━━━━━ Recorded information ━━━━━

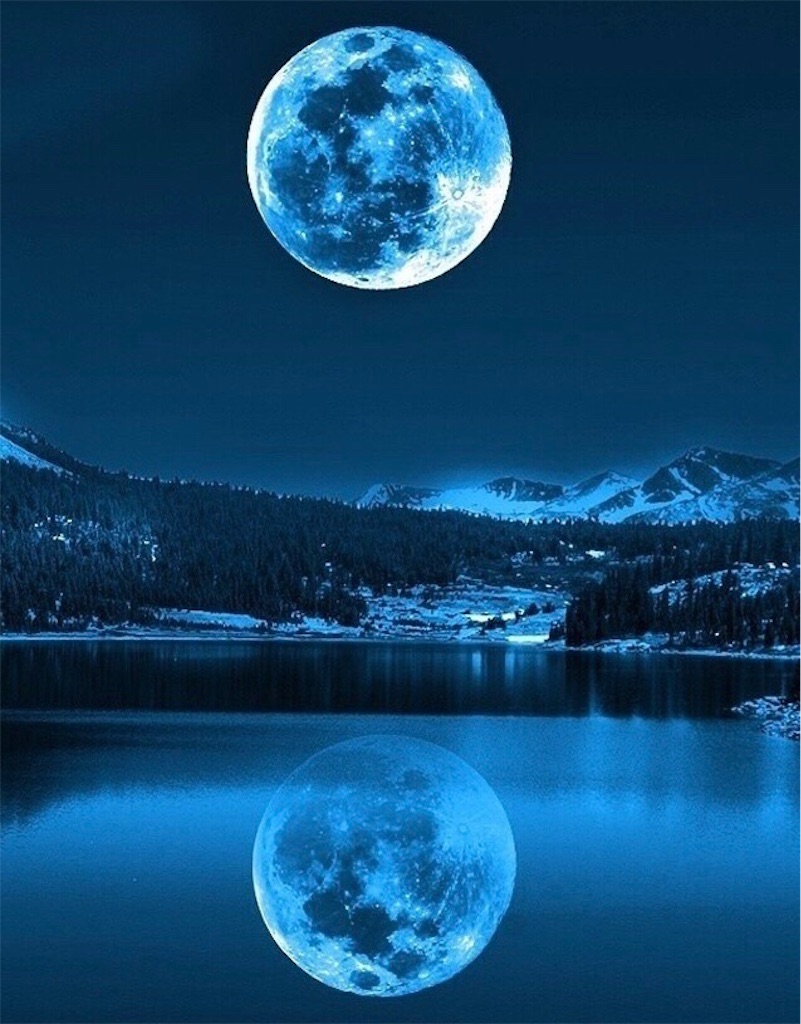 f:id:sk4349814:20190618070912j:image f:id:sk4349814:20190618070912j:image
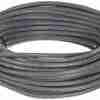 stereo male to male 15 meters cable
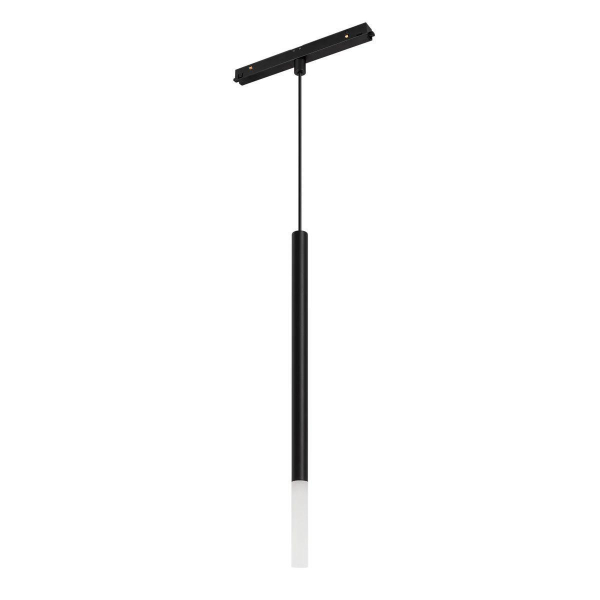 Трековый светодиодный светильник Arlight Mag-Orient-Stick-Hang-R20-3W Day4000 036541(1) Трековый светодиодный светильник Arlight Mag-Orient-Stick-Hang-R20-3W Day4000 036541(1)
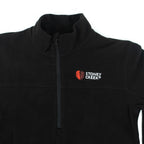 Kid's 4 Piece Fleece Pack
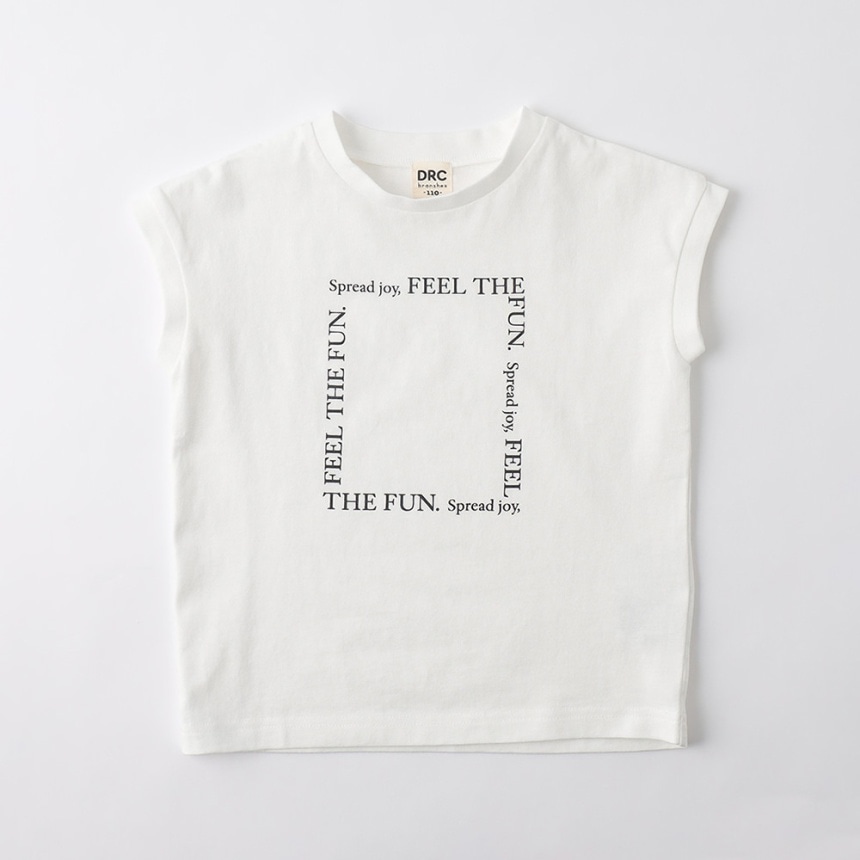 03:オフホワイト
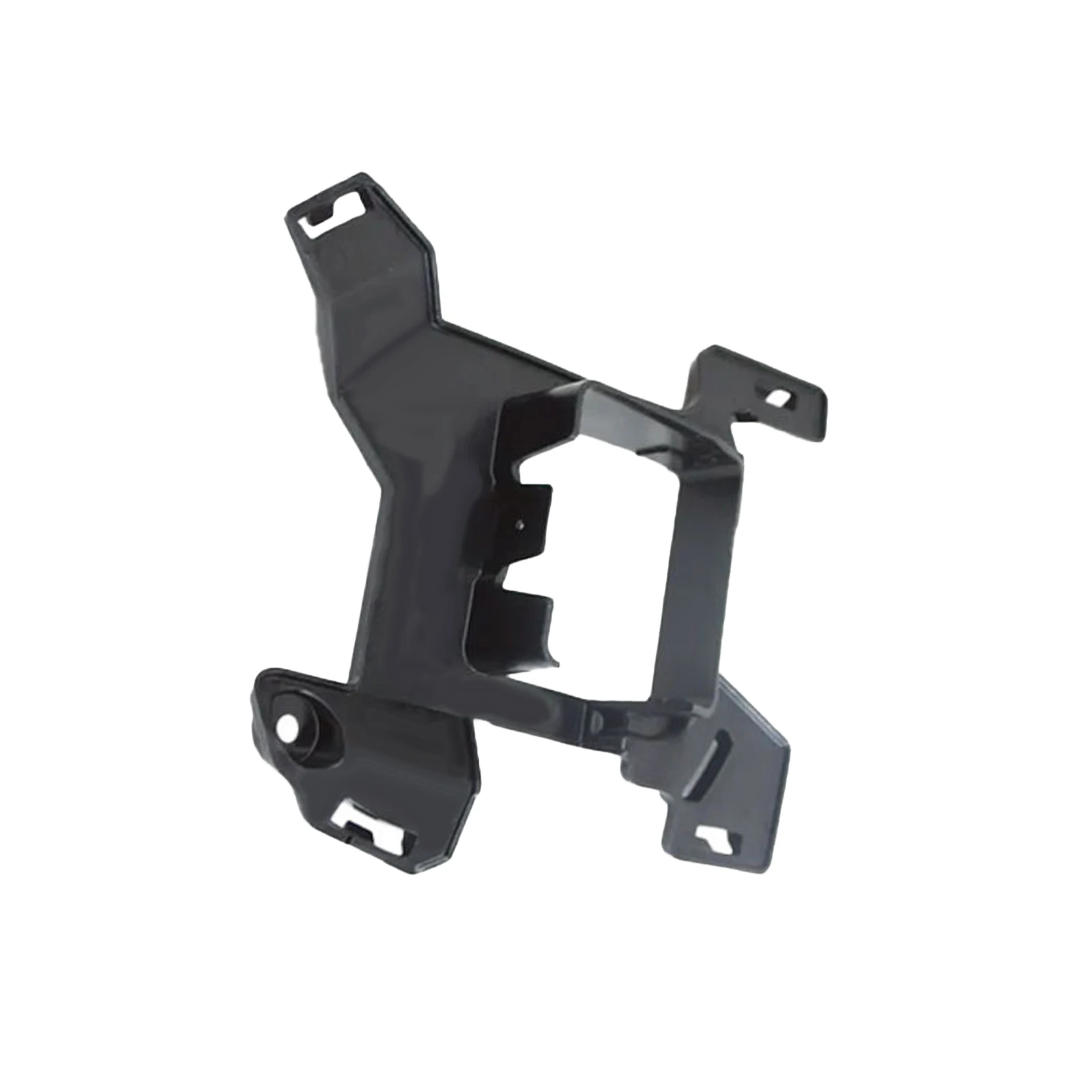 

Front Distance Sensor Front Sensor Bracket 1 Piece Included Compatible With GLB250 Direct Replacement Direct Replacement Part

━━━━━

§ About this task
Transcribe every record exactly and omit each image.

§ Response to this exercise
 f:id:sk4349814:20190618070912j:image f:id:sk4349814:20190618070912j:image
 stereo male to male 15 meters cable
 Трековый светодиодный светильник Arlight Mag-Orient-Stick-Hang-R20-3W Day4000 036541(1) Трековый светодиодный светильник Arlight Mag-Orient-Stick-Hang-R20-3W Day4000 036541(1)
 Kid's 4 Piece Fleece Pack
 03:オフホワイト

Front Distance Sensor Front Sensor Bracket 1 Piece Included Compatible With GLB250 Direct Replacement Direct Replacement Part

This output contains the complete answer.